The student uprising in Tiananmen Square.
Courtesy of AP/Wide World Photos
Bio
Thousands of students from China's pro-democracy movement planned to use the state visit and the obligatory media coverage for their purposes. They had assembled and camped in Tiananmen Square for two weeks in late May and early June. Among their demands were the rights to free speech and a free press, and they erected a statue-modelled on the Statue of Liberty though with both arms supporting the torch that they named the "Goddess of Democracy." Their cause and the images they employed thus resonated with audiences around the world.
However, this hopeful demonstration came to a sudden and horrifying end. On the night of June 3 and into the early morning hours of June 4, the army launched an assault on the unarmed civilians in the square. The military stormed the area with tanks and machine guns. firing into the crowd at random. Hundreds of young students were killed and thousands wounded in the attack. Scenes of brutality and chaos were broadcast from Tiananmen Square, and there were reports of students and civilians being imprisoned in other parts of China.

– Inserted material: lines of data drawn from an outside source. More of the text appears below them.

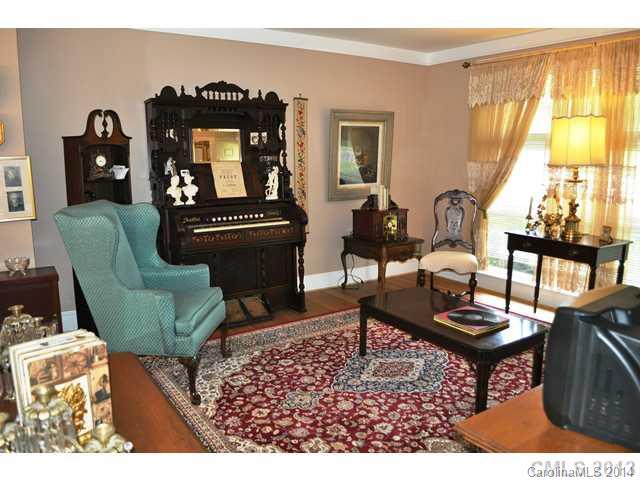 4223 Cheltenham Road, Unit 4223 Charlotte, NC 28211 - Photo 3 of 16 a living room with furniture and a window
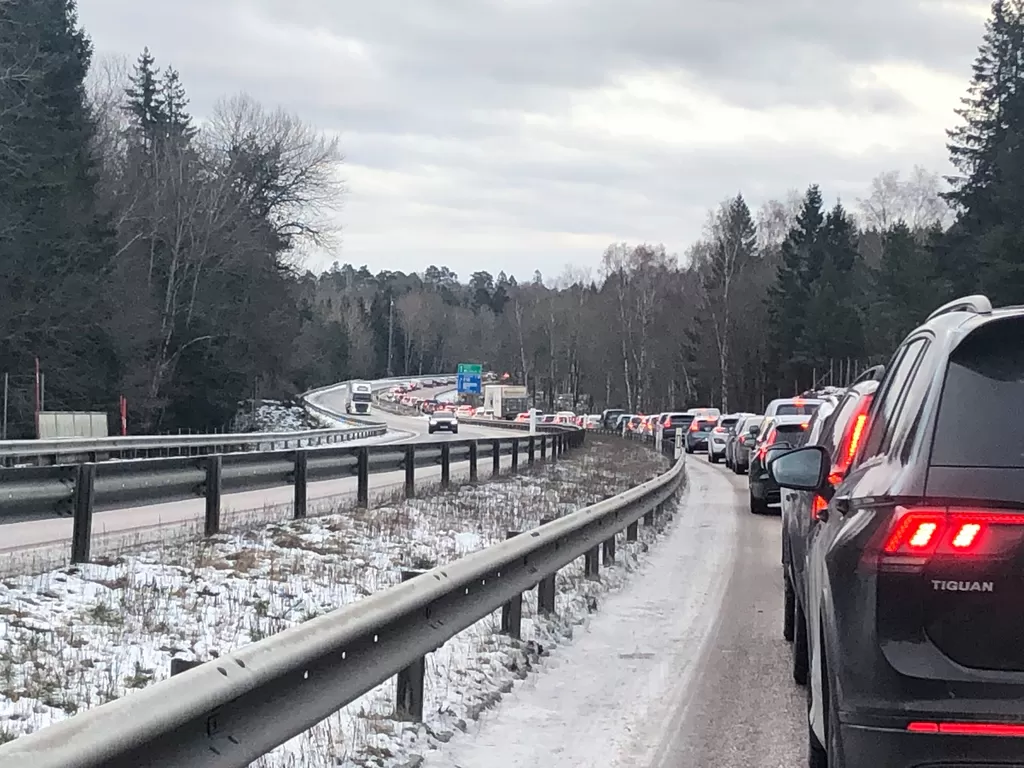 Masskrock på riksväg 40 – stor trafikpåverkan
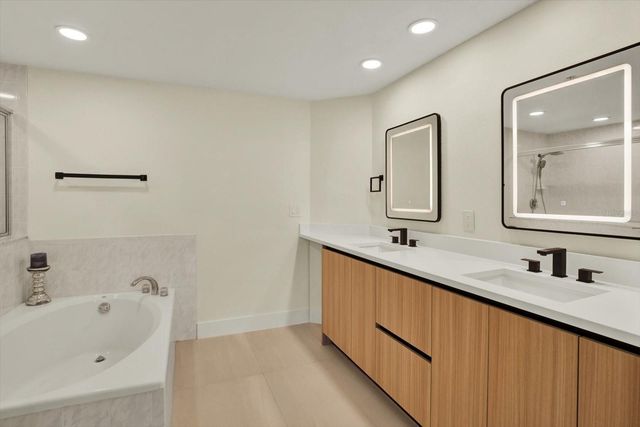 670 ISLAND WAY 1006, Clearwater Beach, FL 33767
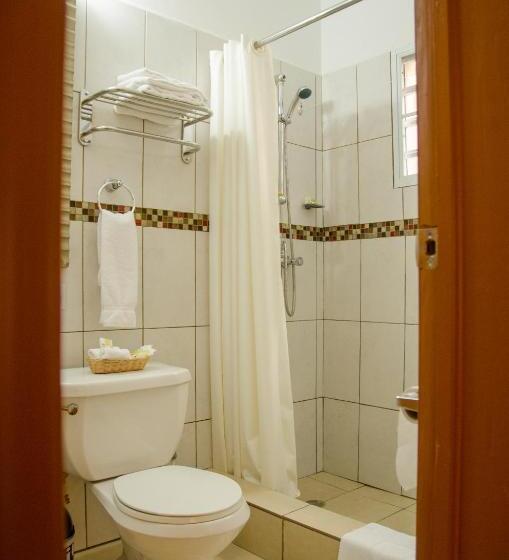 استودیوی استاندارد, Alicia's Inn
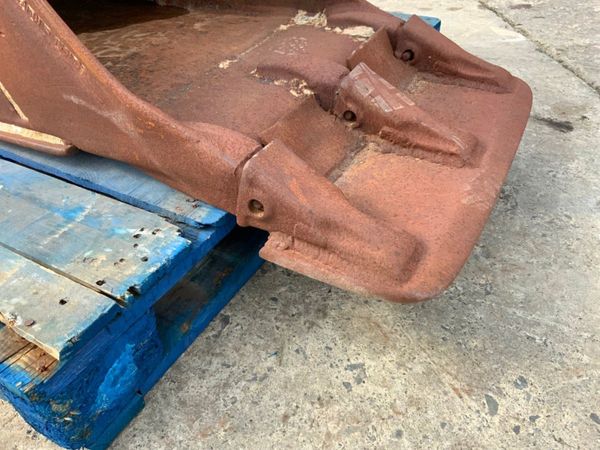 24"  LEMAC DIGGING BUCKET...70mm PINS.......1495A. 346781183
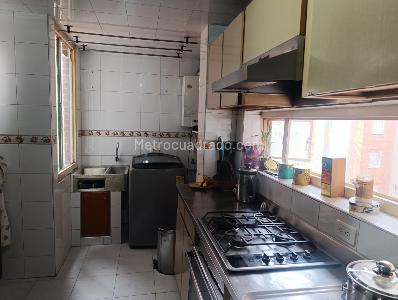 Apartamento de 4 alcobas en venta en Rafael Nuñez, Bogotá, 88 m² · foto 9 de 18
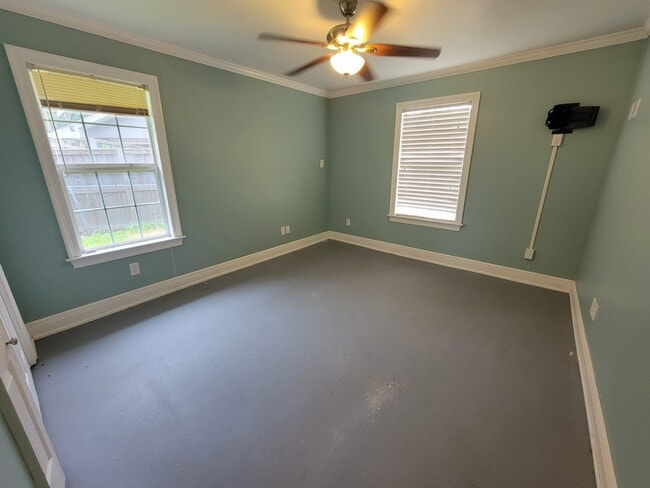 Building Photo - 214 Corinth Dr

The fear inspired by the government's crackdown was so powerful, almost immediately, students and demonstration organizers stopped talking to the media. The excitement and generous spirit with which interviews had been granted just two days before had eerily disappeared. An official news blackout was imposed, and in addition to sources drying up, reporters and crews themselves were being threatened and interrogated. In a tragic distortion of intentions, the televised interviews and pictures were also used by Chinese officials to identify and incarcerate many of the students involved. The Chinese citizens outside Beijing never really saw or heard the true horror of what happened. They received "official" versions from the state-run news organization. These broadcasts described scenes of violent student protesters and angry dissidents attacking innocent government authorities.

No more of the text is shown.